Our study has a number of strengths. First, the single-group design produces the most robust links.32 Administering all instruments to all respondents also allowed us to measure directly the accuracy of the linkages by examining differences between actual scores and those predicted by the linking. Second, the correlations of our linked instruments were quite large, exceeding the thresholds recommended by linking experts in the field of high-stakes testing.28 Finally, our calibrations were not determined by the current sample, but were anchored on PROMIS calibrations derived from the larger standardization sample8 and centered on the 2000 US census.11

The cross-walk tables have several practical uses. For example, current users of legacy measures contemplating a switch to PROMIS PF will be able to “retrofit” their historical patient data by assigning PROMIS PF scores using the cross-walks we provided. This is especially powerful at the aggregate level (e.g., groups of patients), as the error associated with these linkages becomes very small as the sample size exceeds 75 (see Appendix D). Secondly, our results allow clinical investigators to compare results across treatment trials in which different instruments were used. That is, using the IRT-based cross-walk tables, investigators can convert summary mean scores reported in the literature from one metric to another.

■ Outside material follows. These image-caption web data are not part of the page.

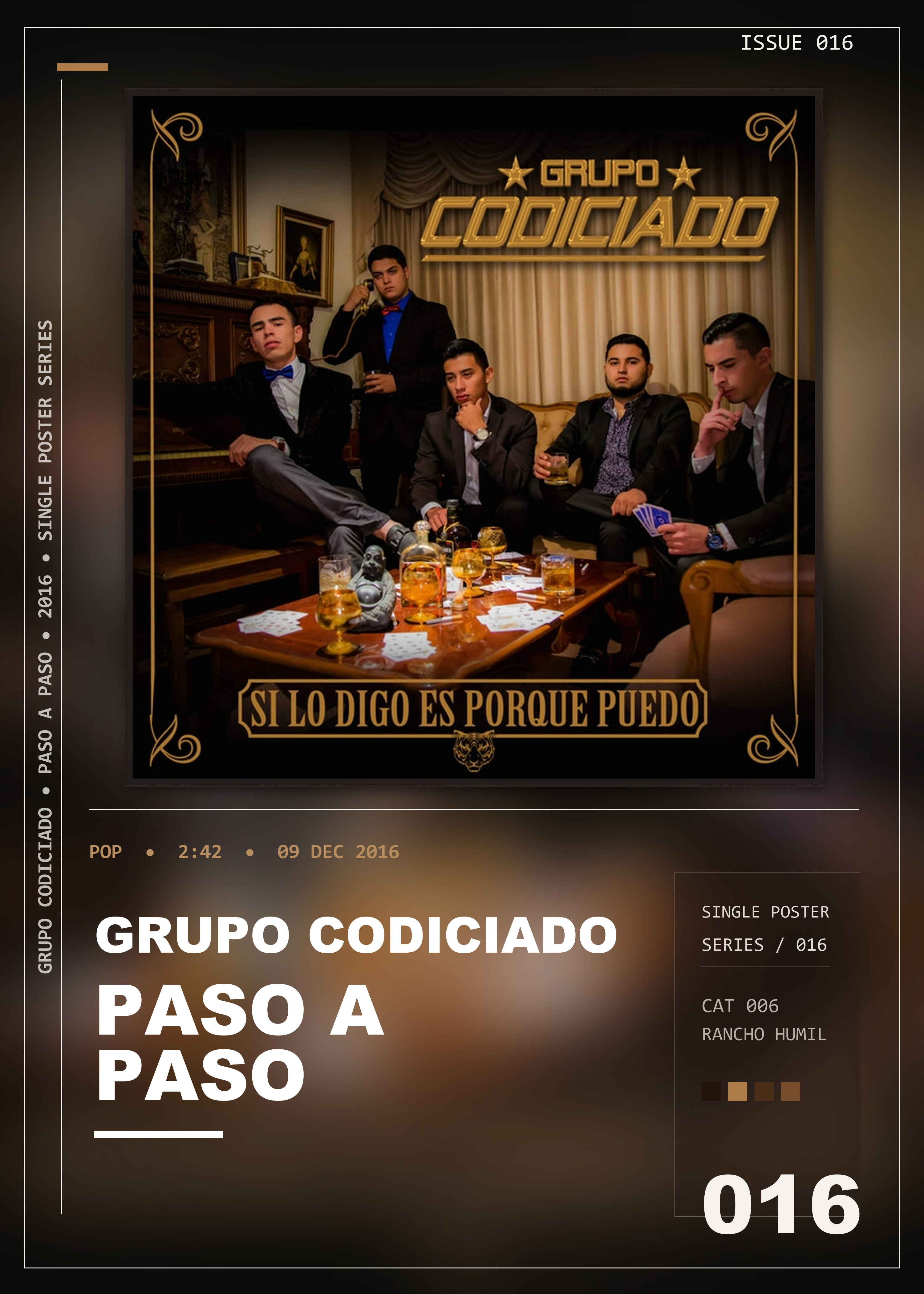 Music poster: Grupo Codiciado - Paso a Paso
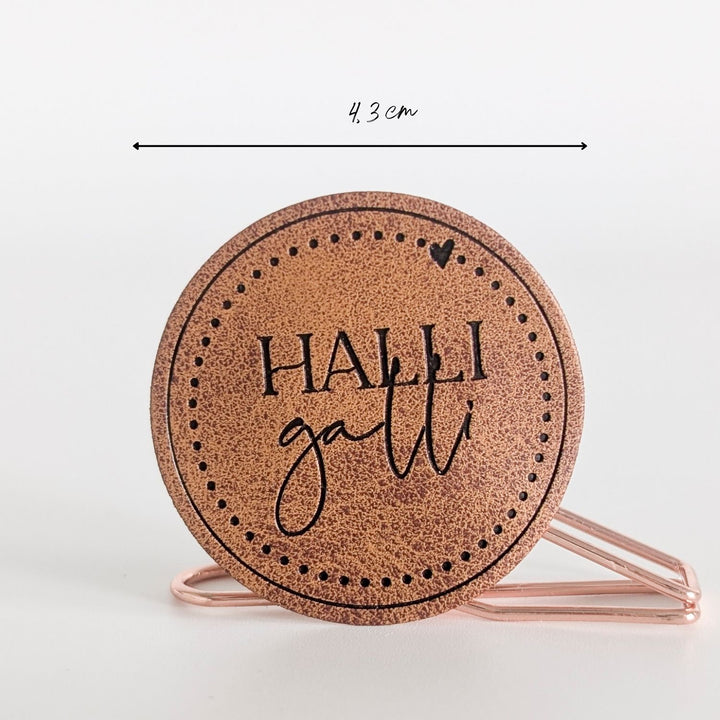 Kunstlederlabel "Halli Galli"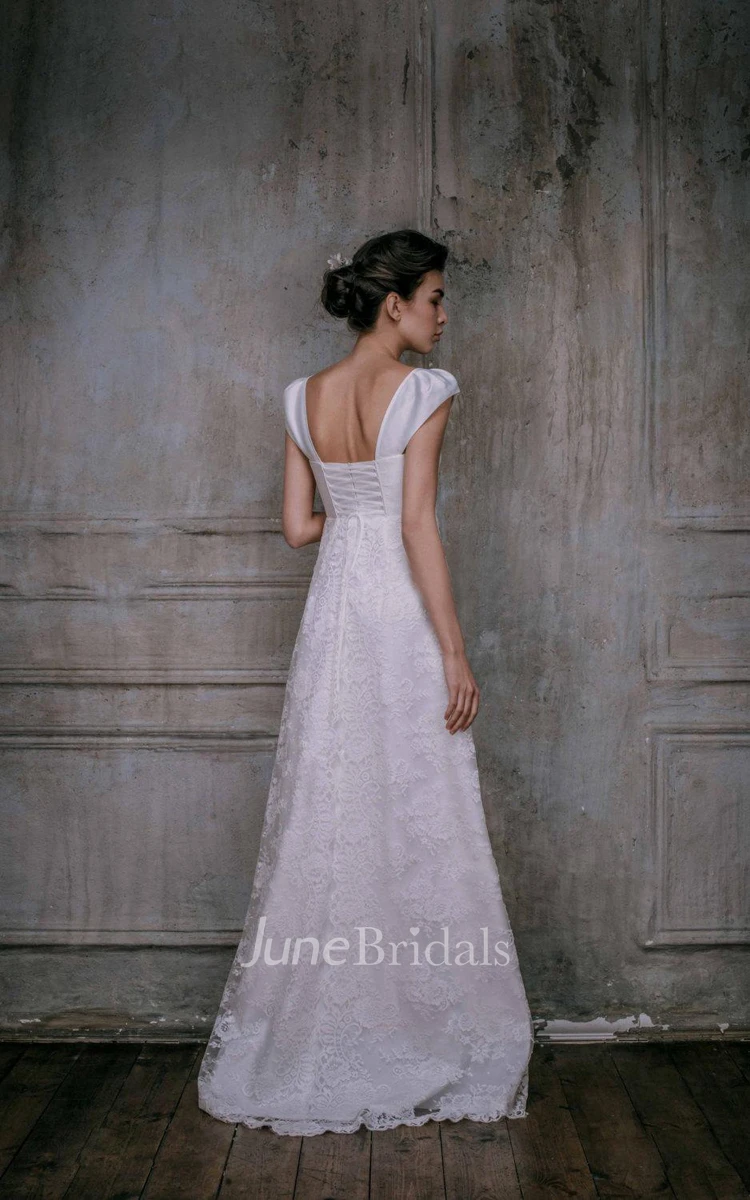 Elegant Gown Bohemian Satin Gown Lace Gown Haute Couture Grecian Syle Dress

These results have particular relevance for investigators conducting clinical trials. Recent draft recommendations from the Federal and Drug Administration (FDA) endorsed the HAQ-DI for use in drug trails of rheumatoid arthritis (RA)12. Nevertheless, recent studies have demonstrated the advantage of a ten-item CAT and 20-item short-form of the PROMIS PF instrument compared to the HAQ-DI in terms of measurement precision and range of coverage8 , 10. These results suggest that the PROMIS PF-20 can be used in place of the HAQ-DI in clinical trials, and still allow for the estimation of HAQ-DI scores for comparison with earlier clinical trials.

Our results also facilitate PRO use in clinical settings. Given the advantages of PROMIS instruments,33 clinicians in medical centers who are already administering the HAQ or SF-36 PF may choose to switch to PROMIS PF. By using Tables 2, 3 and 4, they can compare historical patient data to newly obtained scores on PROMIS. Clinicians already using PROMIS may now connect their patient scores to recommended norms and clinical cutoffs established for the HAQ or SF-3633 35 and can provisionally apply these linked PROMIS cut-offs to inform treatment decisions.

There are some study limitations. First, scores linked to the PROMIS metric based on legacy scores may have more error than scores obtained directly from the PROMIS PF measure and vice versa. Standard errors for cross-walked scores with samples of less than 25 participants may not be adequate for some purposes. Secondly, linking results (regardless of statistical method) may be sensitive to population differences.32 A recent study, however, found that the linking relationships for PROMIS Pain Interference and the Brief Pain Inventory were very similar when derived from general population and multiple sclerosis groups.36 , 37 Nevertheless, it will be necessary to replicate our study with samples drawn from populations with a higher density of scores at either end of the physical function continuum.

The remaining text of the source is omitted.